Modeling (Training) - Guidelines Panelfit

“In this phase, various modeling techniques are selected and applied and their parameters are calibrated to optimal values. Typically, several techniques exist for the same data mining problem type. Some techniques have specific requirements on the form of data. Therefore, stepping back to the data preparation phase may be necessary. Modeling steps include the selection of the modeling technique, the generation of test design, the creation of models, and the assessment of models.”^[1]

This phase involves several key tasks. Overall, the developer must do the following:

Select the modeling technique that will be used. Depending on the type of technique, consequences such as data inference, obscurity or biases are more or less likely to happen.
Make a decision on the training tool to be used. This enables the developer to measure how well the model can predict history before using it to predict the future. Training always involves running empirical testing with personal data. Sometimes, developers test the model with data that are different from those used to generate it. Therefore, at this stage one might talk about different types of datasets. Sometimes identifying the individuals that the training data relates to might be difficult. This creates issues for fulfilling individuals’ rights that should be addressed appropriately.

These are the main actions that need to be addressed in this stage

References

¹Shearer, C. (2000) ‘The CRISP-DM model: the new blueprint for data mining’, Journal of Data Warehousing 5(4): 13-23, p.17. Available at: https://mineracaodedados.files.wordpress.com/2012/04/the-crisp-dm-model-the-new-blueprint-for-data-mining-shearer-colin.pdf (accessed 15 May 2020). ↑

Checklist: Modelling (training)

☐ The controllers have determined the purpose of the AI system’s use at the outset of its training or deployment, and performed a re-assessment of this determination if the system’s processing threw up unexpected results

☐ The controllers have purged the data used during the training phase of all information not strictly necessary for training of the model.

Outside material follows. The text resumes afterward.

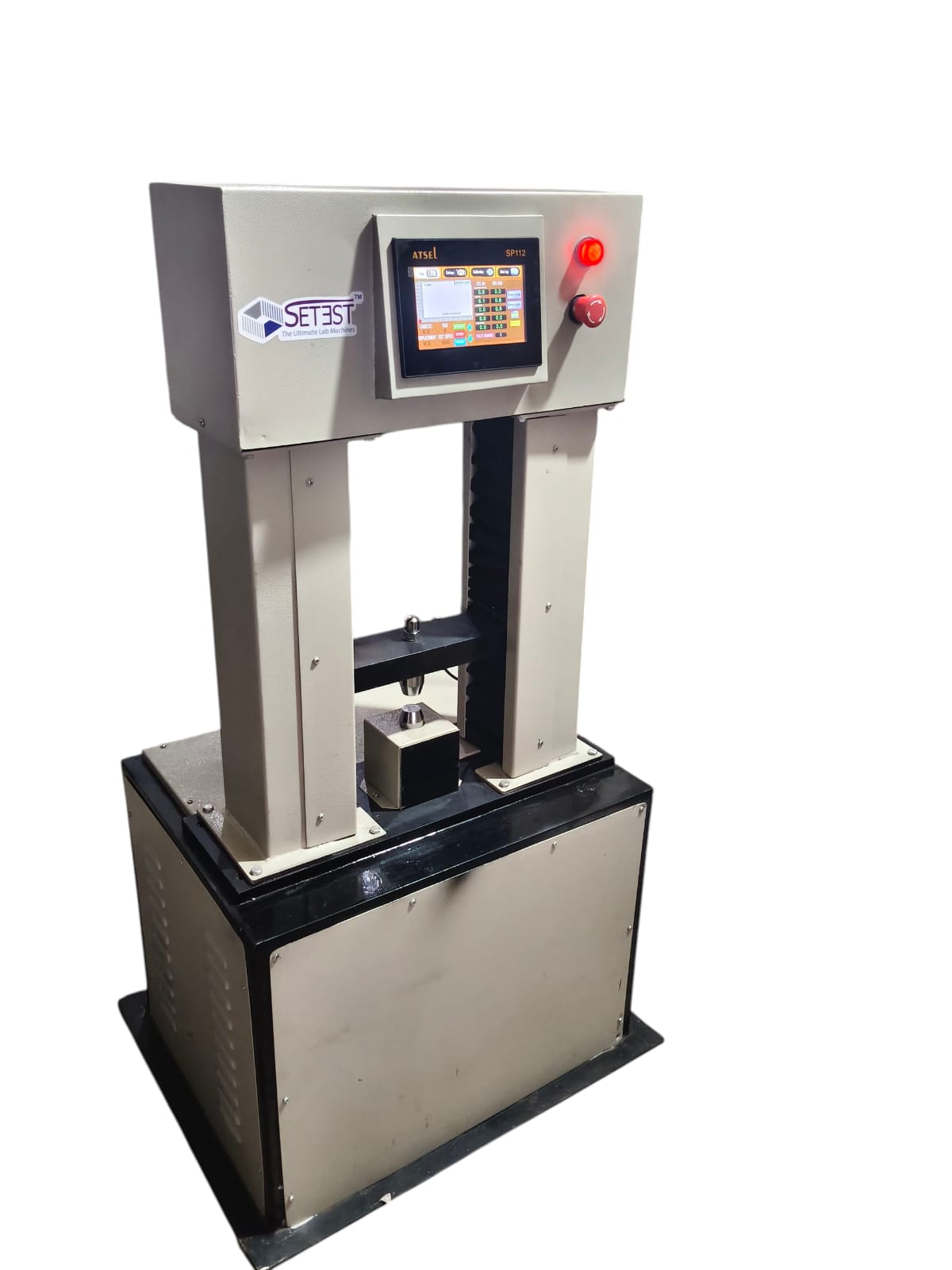 Cold Crushing Strength Testing Machine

☐ The controllers have considered implementing technical tools that might serve well to detect biases, such as the Algorithmic Impact Assessment

☐ The controllers have considered conducting a DPIA at this stage

☐ The controllers have ensured that they are able to respond to data subjects’ requests to exceptions to the right to access apply.

☐ The controllers can guarantee the right of rectification of the data, especially those generated by the inferences and profiles drawn up by the AI development.

☐ The controllers are able to respond to requests for erasure, unless a relevant exemption applies and provided the data subject has appropriate grounds.